Aim of the exercise: Copy out the entries that follow exactly, leaving every picture behind.
____ Provided records
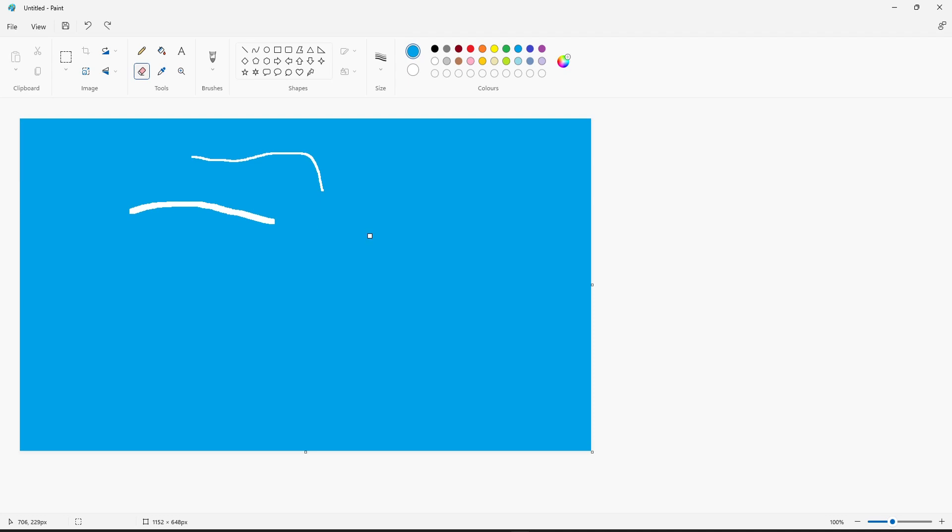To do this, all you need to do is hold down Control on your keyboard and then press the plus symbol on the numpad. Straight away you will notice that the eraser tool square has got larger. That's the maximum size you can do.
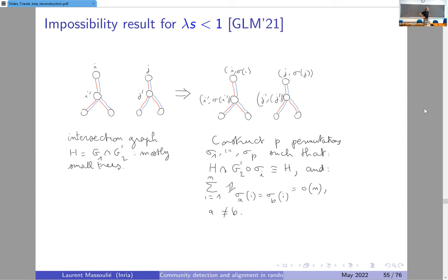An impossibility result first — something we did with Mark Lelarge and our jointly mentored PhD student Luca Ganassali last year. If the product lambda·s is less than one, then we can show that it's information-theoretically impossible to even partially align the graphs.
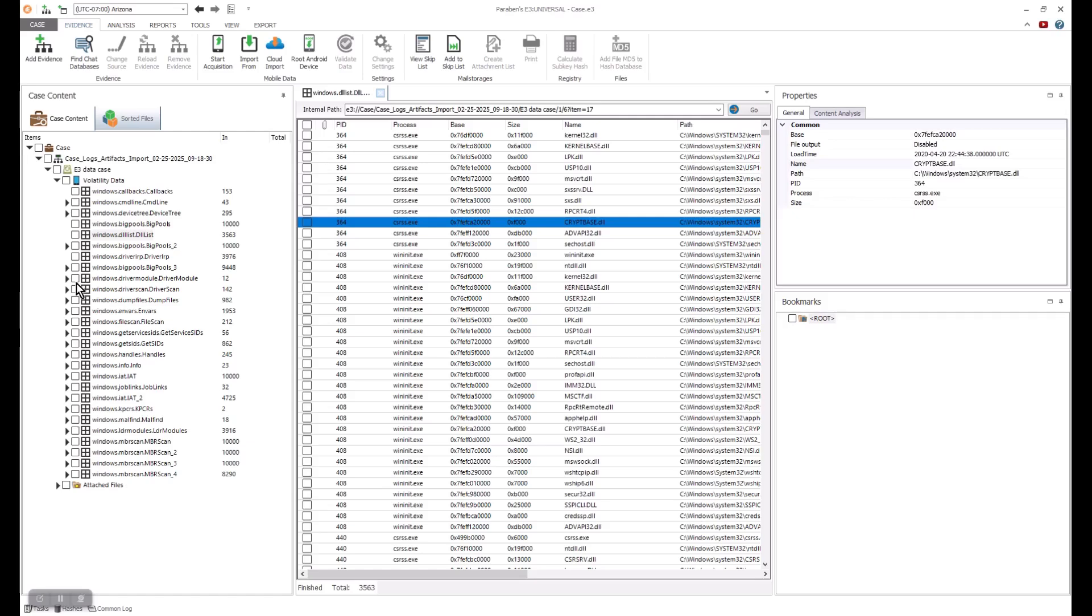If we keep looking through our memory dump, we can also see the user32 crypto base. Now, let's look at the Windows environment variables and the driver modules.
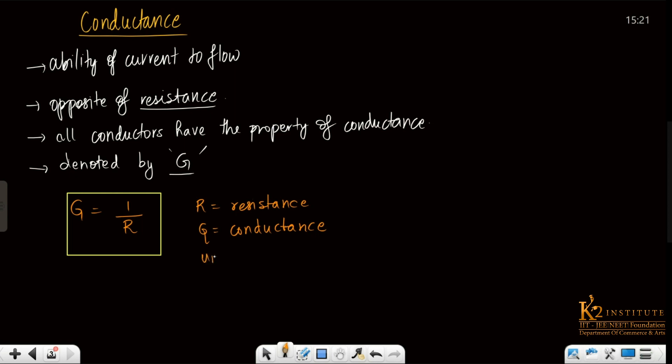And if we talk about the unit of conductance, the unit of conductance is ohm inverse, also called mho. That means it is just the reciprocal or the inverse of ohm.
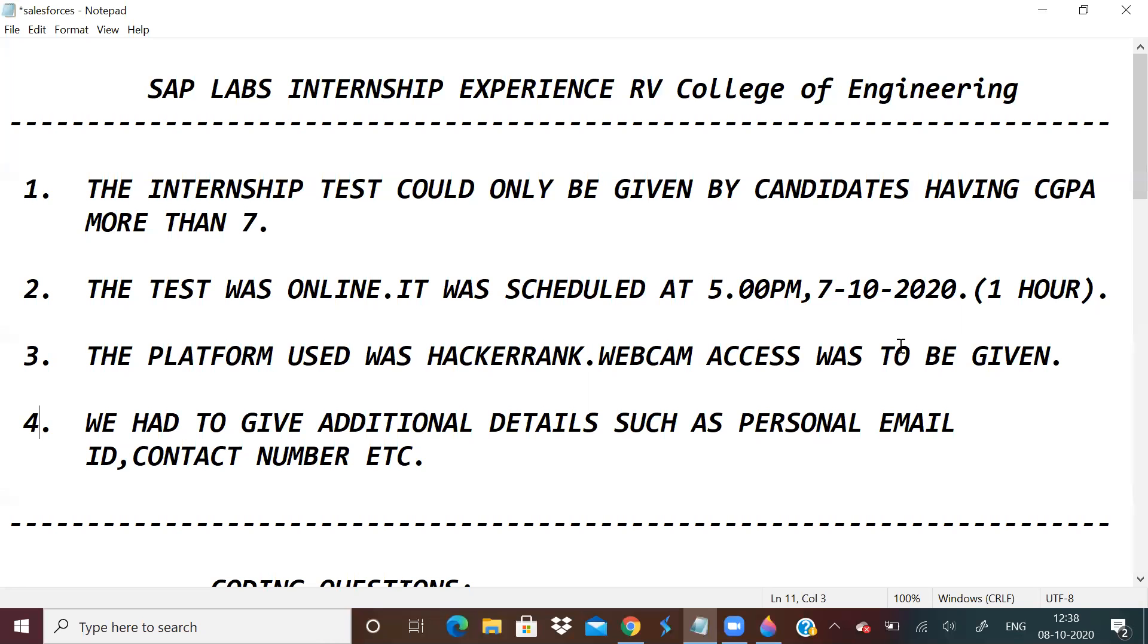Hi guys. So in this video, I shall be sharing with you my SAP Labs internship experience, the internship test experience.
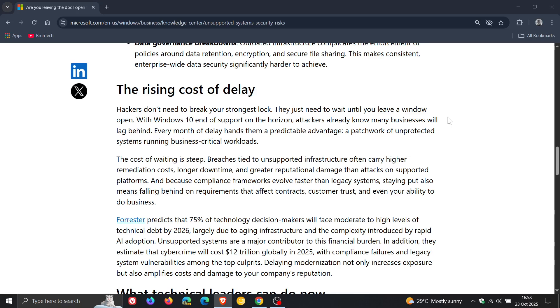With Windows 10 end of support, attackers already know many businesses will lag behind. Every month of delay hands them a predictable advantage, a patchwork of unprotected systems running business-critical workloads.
________
Your response:
To do this, all you need to do is hold down Control on your keyboard and then press the plus symbol on the numpad. Straight away you will notice that the eraser tool square has got larger. That's the maximum size you can do.
An impossibility result first — something we did with Mark Lelarge and our jointly mentored PhD student Luca Ganassali last year. If the product lambda·s is less than one, then we can show that it's information-theoretically impossible to even partially align the graphs.
If we keep looking through our memory dump, we can also see the user32 crypto base. Now, let's look at the Windows environment variables and the driver modules.
And if we talk about the unit of conductance, the unit of conductance is ohm inverse, also called mho. That means it is just the reciprocal or the inverse of ohm.
Hi guys. So in this video, I shall be sharing with you my SAP Labs internship experience, the internship test experience.
With Windows 10 end of support, attackers already know many businesses will lag behind. Every month of delay hands them a predictable advantage, a patchwork of unprotected systems running business-critical workloads.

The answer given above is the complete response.